Shop locally: rather than buying all your groceries at Costco, El Comer, Mega, Walmart or other corporate grocery chains before you arrive, buy your food from the local shops, vendors and grocers. You might not find all your favorite items or specialty products, but one week without your favorite peanut butter won’t kill you.
It is also way more satisfying, fun and less wasteful to buy produce from a local frutería, bread from a local panadería and fish from a local pescadería than from an impersonal big-box supermarket. The products are always fresher and tastier and often come in less or no plastic. Plus, buying locally supports the community’s economy.
Stay in locally-owned hotels: there’s been a lot of new hotel development along Mexico’s coastlines, and Chacala is no different. But not every shiny new hotel is owned locally or has the community’s best interests in mind.
Using rentals and hotels owned by established community members means that the money you spend will stay in the community. If you are new to an area, it may take a bit of research to find locally owned places, but many towns have community Facebook groups where you can ask for lodging recommendations.
Hire local service providers: from transportation to tour guides, choose folks that live in the community you are visiting. Rather than renting a car with a national agency, consider hiring a driver from town to pick you up at the airport. Use local taxis and combis (taxi vans) to get around.
When planning excursions like whale watching or hiking, don’t book with big tour companies from the nearest city but rather with local guides and boat captains — who generally have a better knowledge of the flora and fauna and the best spots to see whales.
Instead of resting on your laurels all day, consider enriching your mind while enriching the community. Want to create? Hire a local artisan to teach you how to make traditional handcrafts. Want to learn some Spanish? Hire a local Spanish teacher to tutor you in the basics. Want to learn how to make a mean mole? Hire a local cook to show you how.

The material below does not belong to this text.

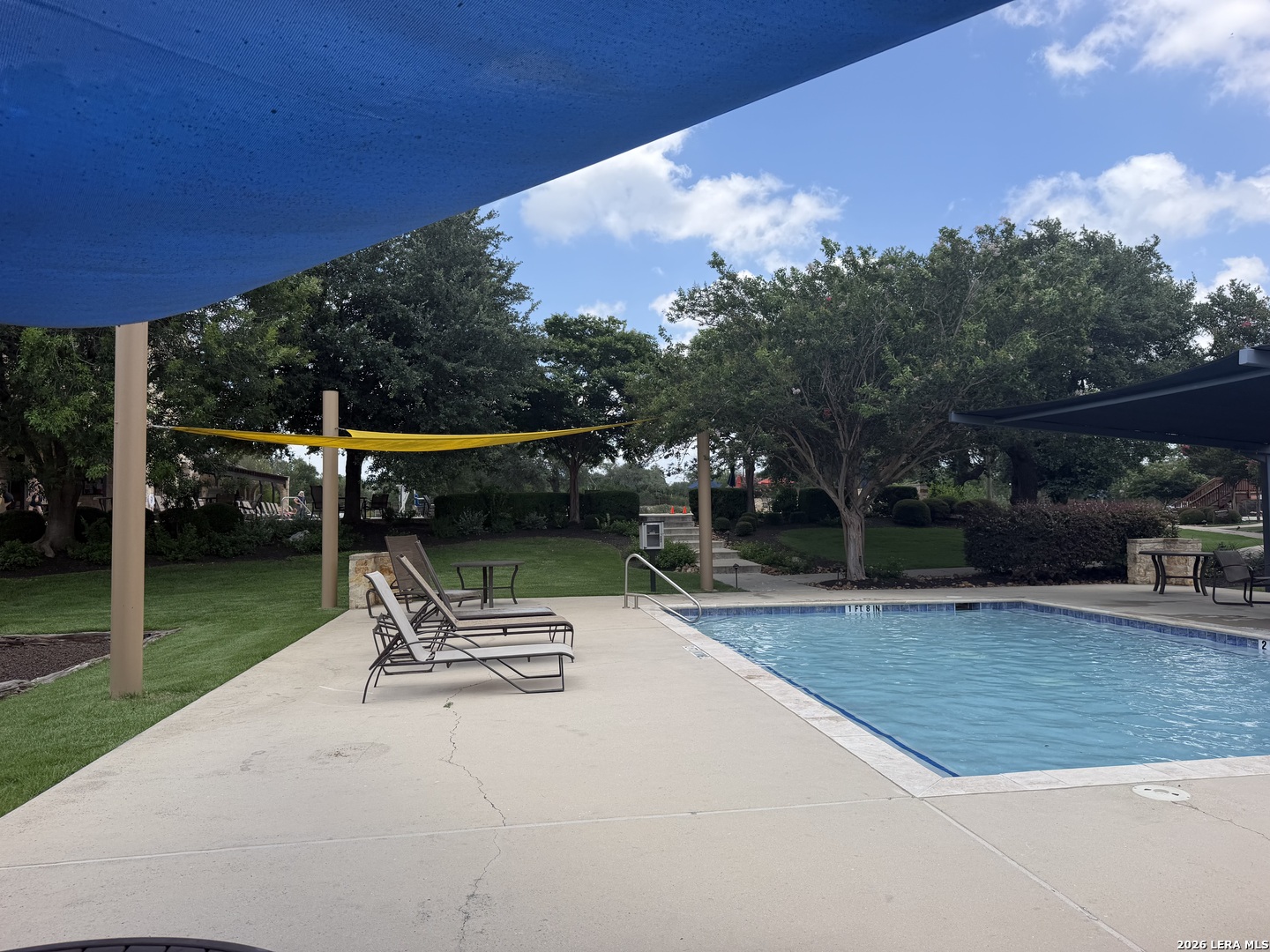 285 Scenic Canyon New Braunfels TX 78132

There is likely an abundance of local expertise available wherever you are visiting to help you have an enriching, fulfilling vacation and at the same time support the resident population. Again, you can often find and arrange these opportunities ahead of time by joining a community’s Facebook group and asking around for recommendations.

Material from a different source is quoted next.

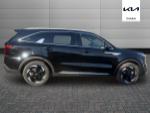 Kia Sorento Photo 1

Support local causes: most communities — even small ones — have their own community-led organizations and initiatives working to serve the needs of locals. For example, here in Chacala, we have groups that provide educational opportunities for children, train people in employable trades such as woodworking and food production, provide water safety programs for kids and training for local lifeguards, offer sterilization services for cats and dogs, coordinate a weekly volunteer trash pickup and more.
On your next vacation, consider making a gift to the community in the form of a financial or material donation to one or more local initiatives. Again, you can usually find out about these initiatives via the community Facebook group.
Don’t haggle: the back-and-forth negotiation tourists often engage in to get the lowest price for something is a pretty common practice in Mexico; I used to be a haggler myself. But I’ve come to realize just how harmful haggling can be.
Most vendors have to pay a fee for the right to sell their products on the beach or at local markets, and many travel long distances to set up shop there. What they sell that day might determine whether their family eats sufficiently.
While you may think something is “overpriced,” remember that it’s probably still a bargain compared to what you would pay for an equivalent product in your home country (as if you could find hand-painted Talavera pottery at home!). So just pay what folks are asking or simply tell them no gracias.